Records shown:
== == ==
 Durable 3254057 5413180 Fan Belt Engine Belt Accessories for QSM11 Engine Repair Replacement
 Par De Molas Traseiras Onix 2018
== == ==
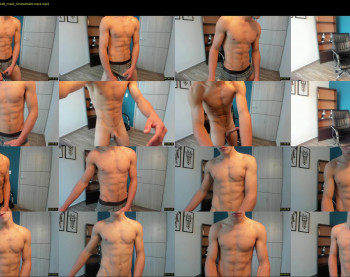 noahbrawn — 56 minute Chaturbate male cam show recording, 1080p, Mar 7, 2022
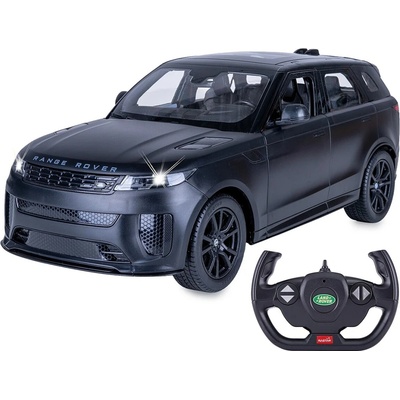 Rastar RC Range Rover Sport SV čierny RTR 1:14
== == ==
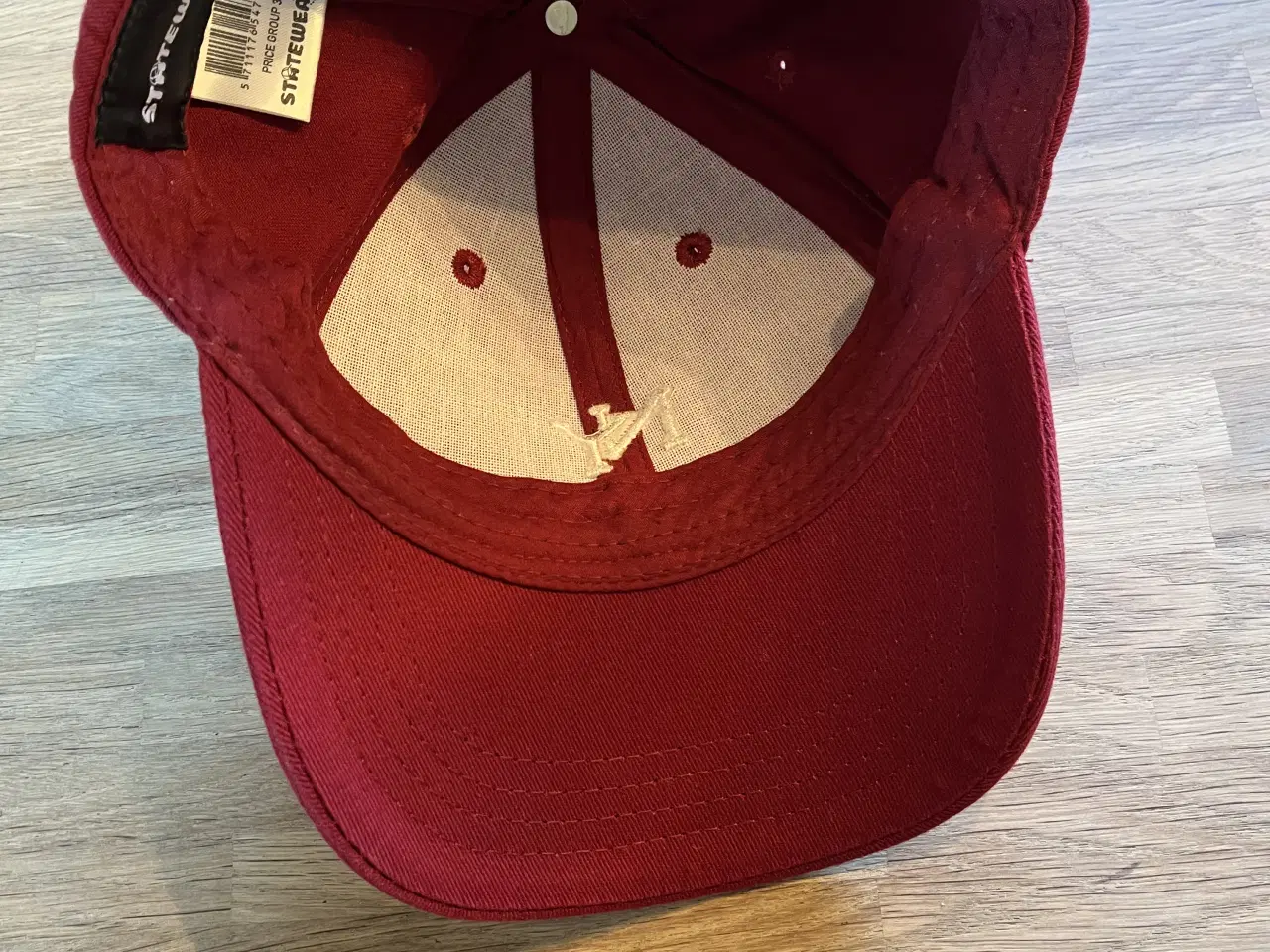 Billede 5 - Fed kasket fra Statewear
== == ==
Work item: Above are the records; from them, give again exactly the lines from the one containing "Durable 3254057 5413180" through the one containing "Par De Molas Traseiras Onix 2018", both included.

Response to this exercise:
 Durable 3254057 5413180 Fan Belt Engine Belt Accessories for QSM11 Engine Repair Replacement
 Par De Molas Traseiras Onix 2018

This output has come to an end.